Venezuela, Racked With Hyperinflation, Rolls Out New Banknotes

In Venezuela, where the annual inflation rate topped 60,000 percent this weekend, the currency has lost so much value that it takes stacks of bills just to buy a roll of toilet paper. The average consumer might as well bring a wheelbarrow to the market — not to transport groceries but to cart all the cash needed to buy them.

So President Nicolas Maduro has come up with an audacious solution to the country's rapidly devaluing currency: Devalue it even further. A lot more.

Beginning Monday, authorities are rolling out a replacement for the apparently unironically named "strong" bolivar, swapping it out for a "sovereign" bolivar that will be pegged to the government's proposed cryptocurrency, the petro. In the process they are devaluing Venezuela's physical currency more than 95 percent and radically weakening its exchange rate — going from about 250,000 to 6 million bolivars per U.S. dollar.

The new banknotes are also shedding five zeroes in a bid to make matters more manageable for consumers, who presumably cannot carry backpacks bigger than themselves every time they need to do the week's grocery shopping.

Paired with the currency changes are several other reforms aimed at curbing inflation and boosting the workers who have endured its yoke. In a televised announcement Friday, Maduro declared, among other things, that he would be raising the minimum wage by more than 3,000 percent and sharply raising gas prices that oil-rich country's subsidies had long kept at a bare minimum.

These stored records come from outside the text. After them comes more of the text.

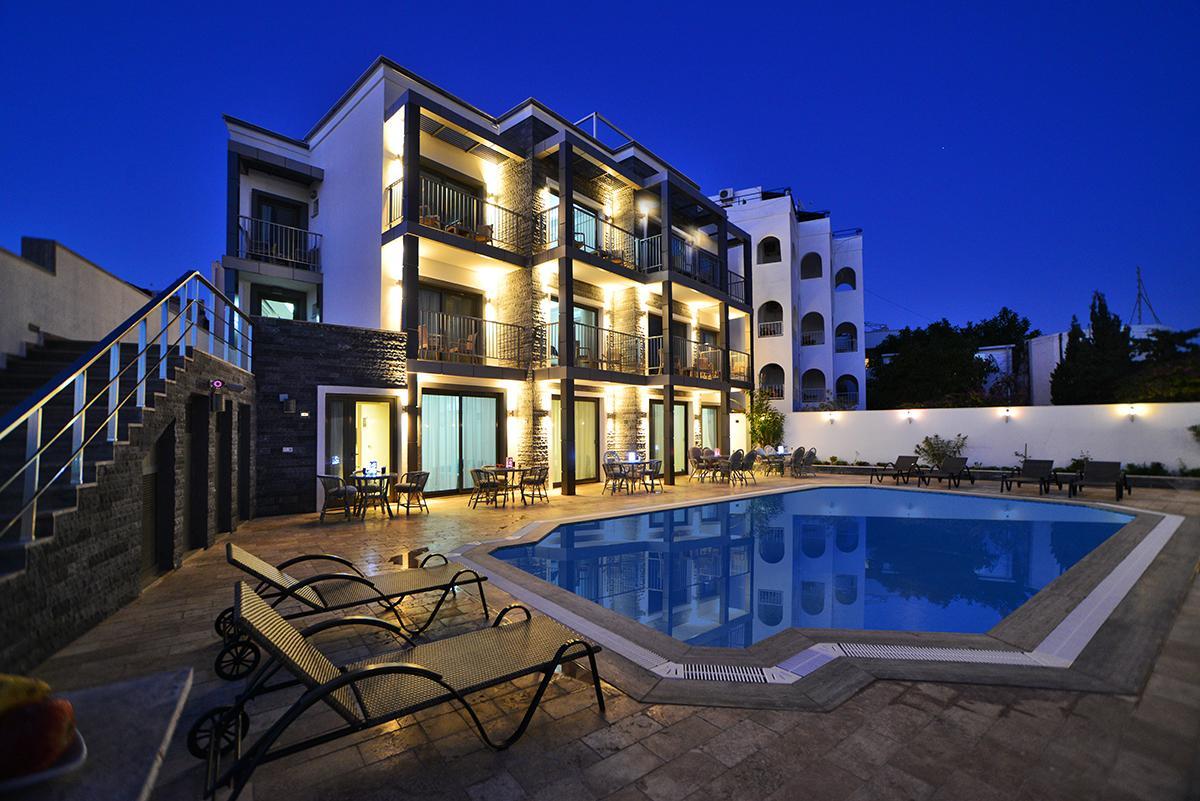 M Suite Gumbet ภายนอก รูปภาพ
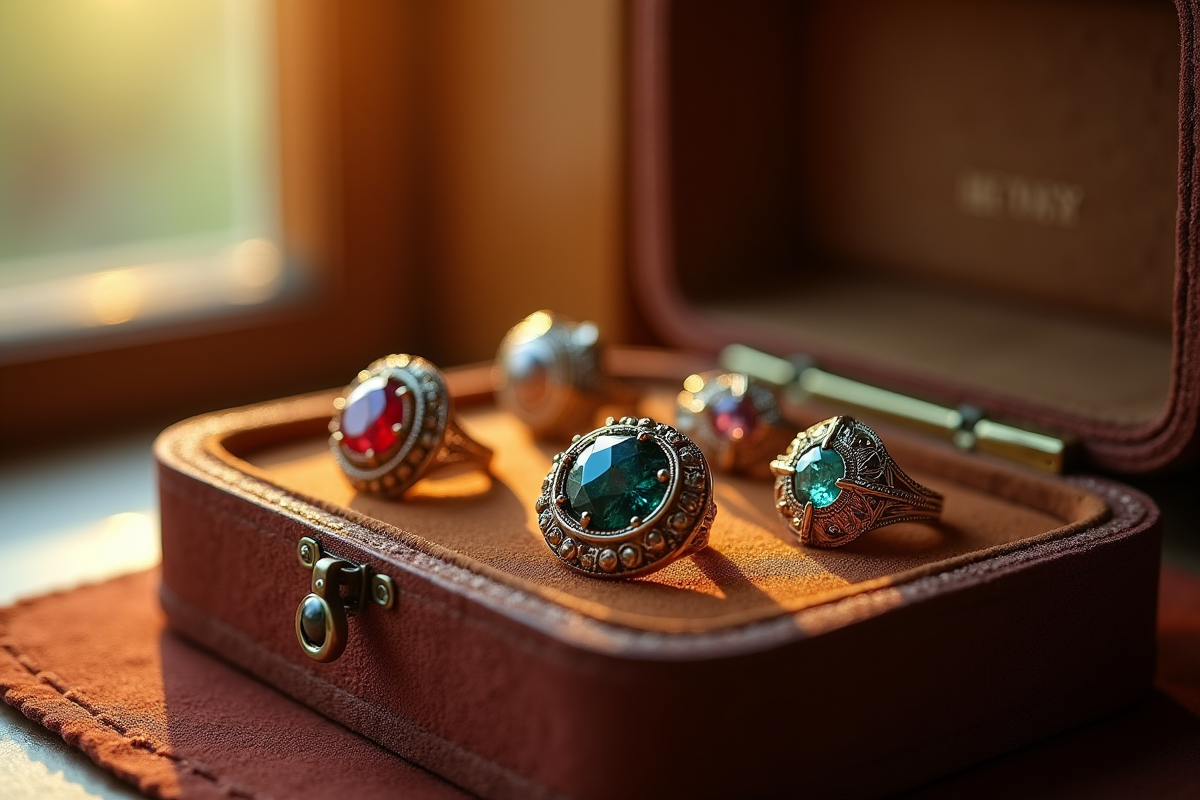bague art déco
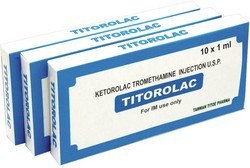 Ketorolac Tromethamine Injection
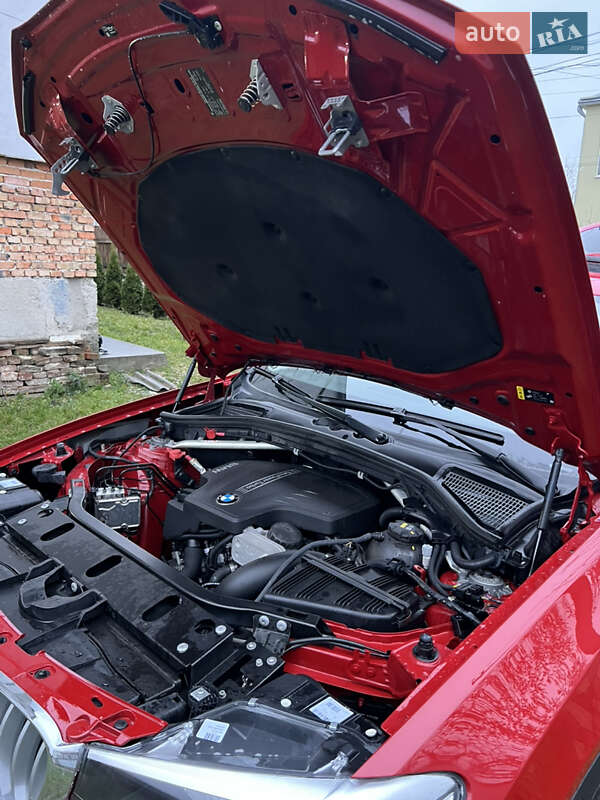 Внедорожник / Кроссовер BMW X3 2017 в Хмельницком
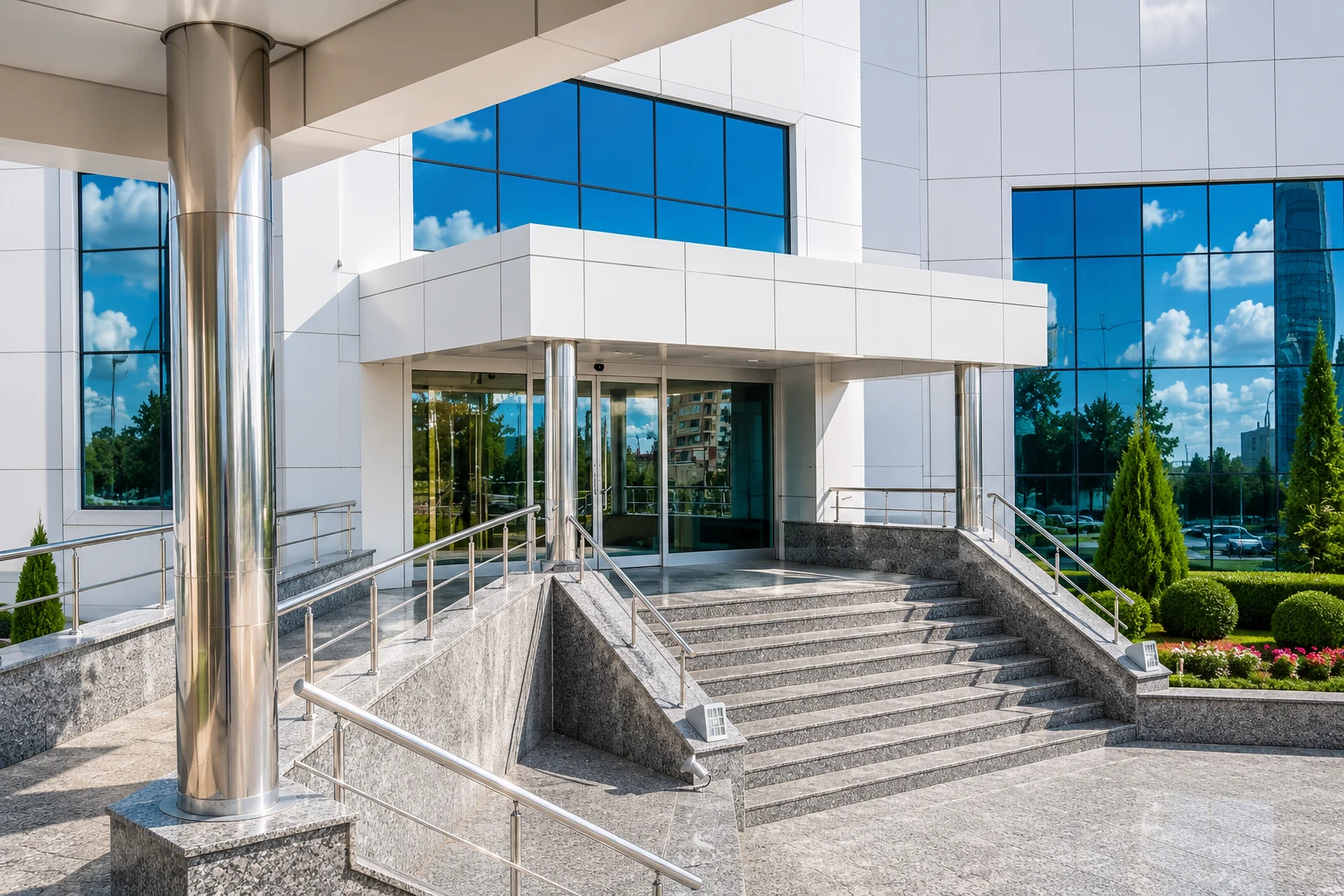 Kocaeli Metropolitan Municipality facade project 4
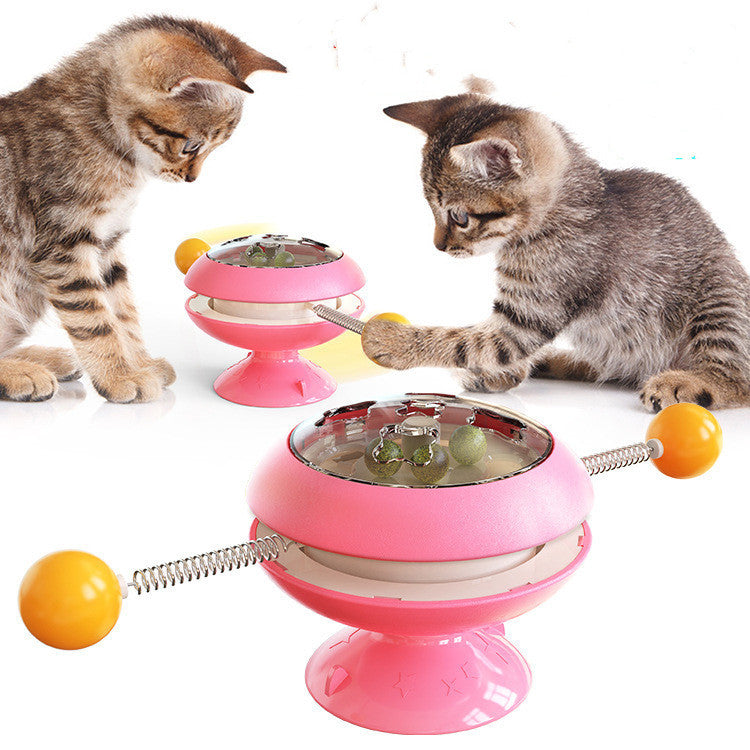 Cat Toys Supplies With Catnip Interactive Training Toy For Kitten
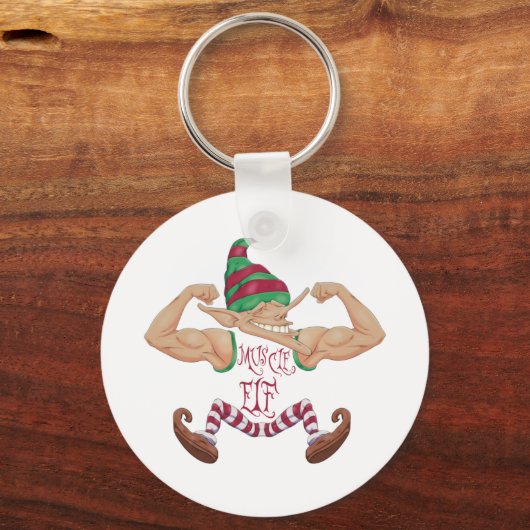 Spier Elf Sleutelhanger (Voorkant)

"I want the country to recover and I have the formula," the strongman told the country Friday, according to Reuters. "Trust me."

Economists beyond Venezuela's borders have been less than inclined to trust him.

"The bolivar's redenomination will be like going under the knife of one of Caracas's famed plastic surgeons. Appearances change, but, in reality, nothing changes," Steve Hanke of Johns Hopkins University and the Cato Institute wrote for Forbes over the weekend. "That's what's in store for the bolivar: a face lift."

Hanke served as economic adviser for former Venezuela President Rafael Caldera, whose tenure in office directly preceded the dramatic socialist reforms undertaken by Hugo Chavez, Maduro's mentor and model.

"Unless Venezuela adopts a completely new currency regime — like a currency board, or dollarization — the bolivar will face the same fate as did the Yugoslav dinar," Hanke said, referring to a currency used in Yugoslavia that was done in by massive inflation. "Hyperinflation will soar and the bolivar will more frequently come under the knife."

The International Monetary Fund shares Hanke's skepticism.

Last month the director of the IMF's Western Hemisphere Department, Alejandro Werner, projected that the country's currency changes and other factors will drive inflation to a staggering 1 million percent by year's end. He likened the country's woes to Zimbabwe's currency turmoil in the late 2000s and the hyperinflation in Weimar Germany in the early 1920s.

It was the latter case, in which people famously had to cart their cash in wheelbarrows just to buy the simplest items, that inspired the phrase "wheelbarrow problem" — a label that has gotten lots of exercise lately in describing Venezuela's own struggles with hyperinflation.

Yet Maduro is highly unlikely to accept advice from these foreign experts and officials, some of whom he has blamed for Venezuela's problems.

He has said the country is the victim of an "economic war" waged by "imperialists" in general, and by the U.S. in particular. Washington has slapped Venezuela's leadership with sanctions multiple times for its failure to hold free and fair elections and the "repression and economic deprivation of the Venezuelan people."

Those people, for their part, have been leaving the country in droves — with hundreds of thousands of Venezuelan nationals streaming over the border into Colombia. But among the many who have stayed, the economic reforms are viewed with a mixture of anxiety and outright resistance, according to The Associated Press.

"The measures announced on Friday are not any economic recovery plan for the country," opposition leader Andres Velasquez told the news service. "On the contrary, they represent more hunger, more ruin, more poverty, more suffering, more pain, more inflation, more deterioration of the economy."

Whatever the effects of the drastic changes, Venezuelans and onlookers alike will need to wait just a bit longer to see them. The country is carrying out something of a soft launch for "strong" bolivar's replacement — closing banks across the country to prepare for the "sovereign" bolivar's official rollout.